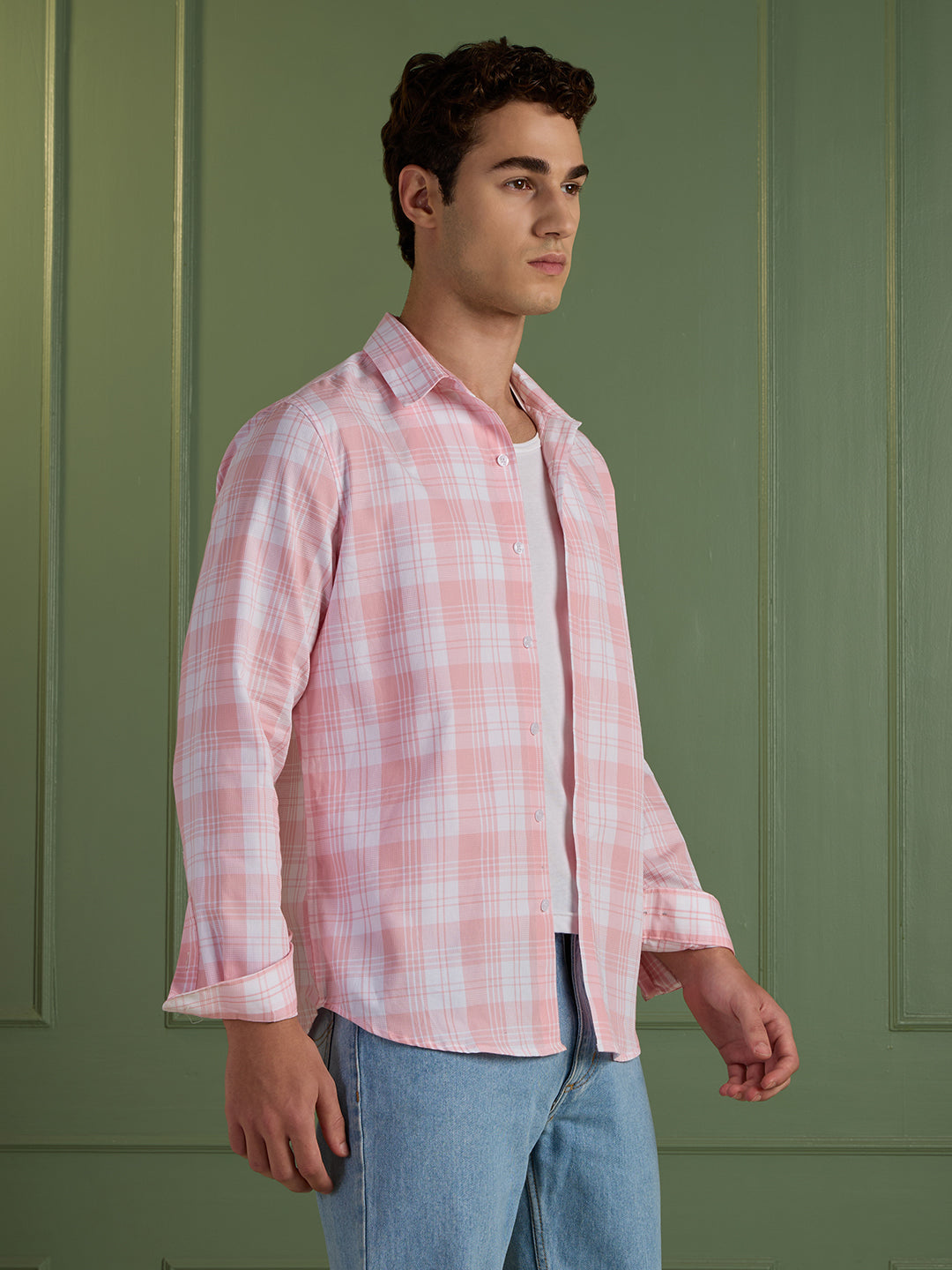 Men's Slim Fit Blush Pink 100% Cotton Checkered Casual Shirt | Mark & Albert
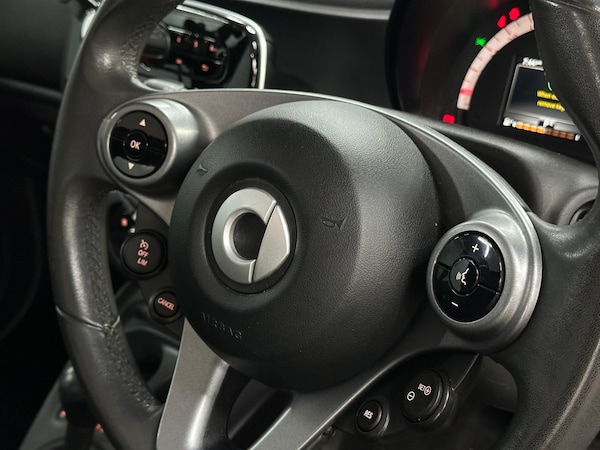 Used smart fortwo 2016 for sale - 76246348: Photo 21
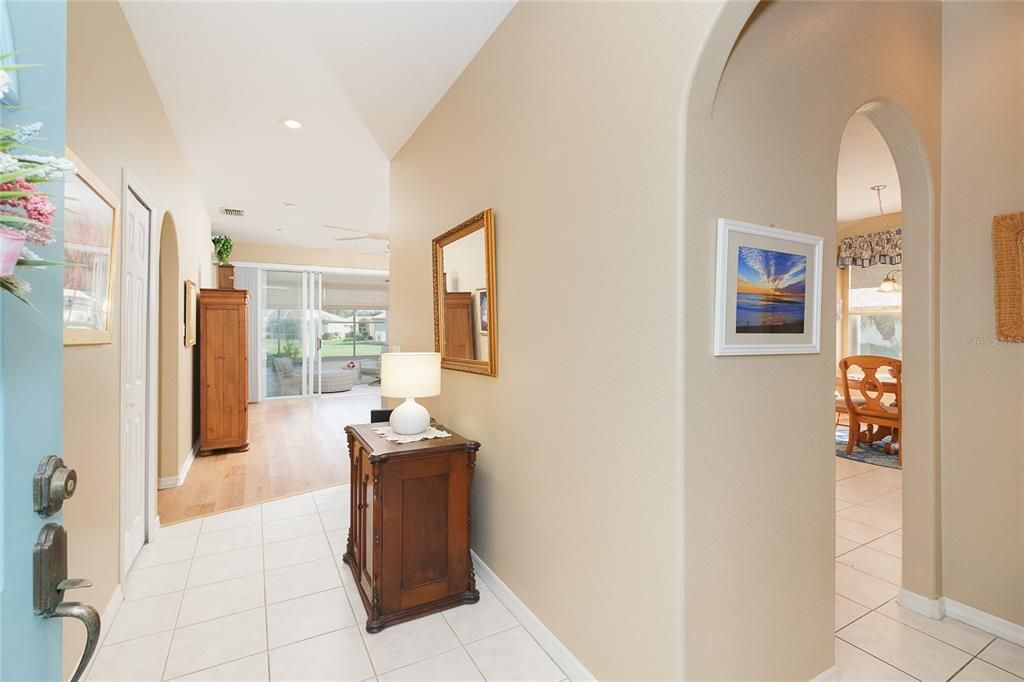 For Sale: $345,000 (2 beds, 2 baths, 1405 Square Feet)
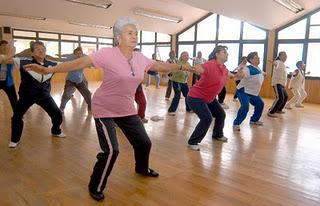 Para evitar contraer enfermedades el IMSS recomienda ejercitarse bajo techo en época de frío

---

EXERCISE DESCRIPTION:
Copy only what lies between the start of the listing above and the line containing "For Sale: $345,000", inclusive of both ends, exactly as written, and drop the pictures.

SOLUTION TO THE EXERCISE:
 Men's Slim Fit Blush Pink 100% Cotton Checkered Casual Shirt | Mark & Albert
 Used smart fortwo 2016 for sale - 76246348: Photo 21
 For Sale: $345,000 (2 beds, 2 baths, 1405 Square Feet)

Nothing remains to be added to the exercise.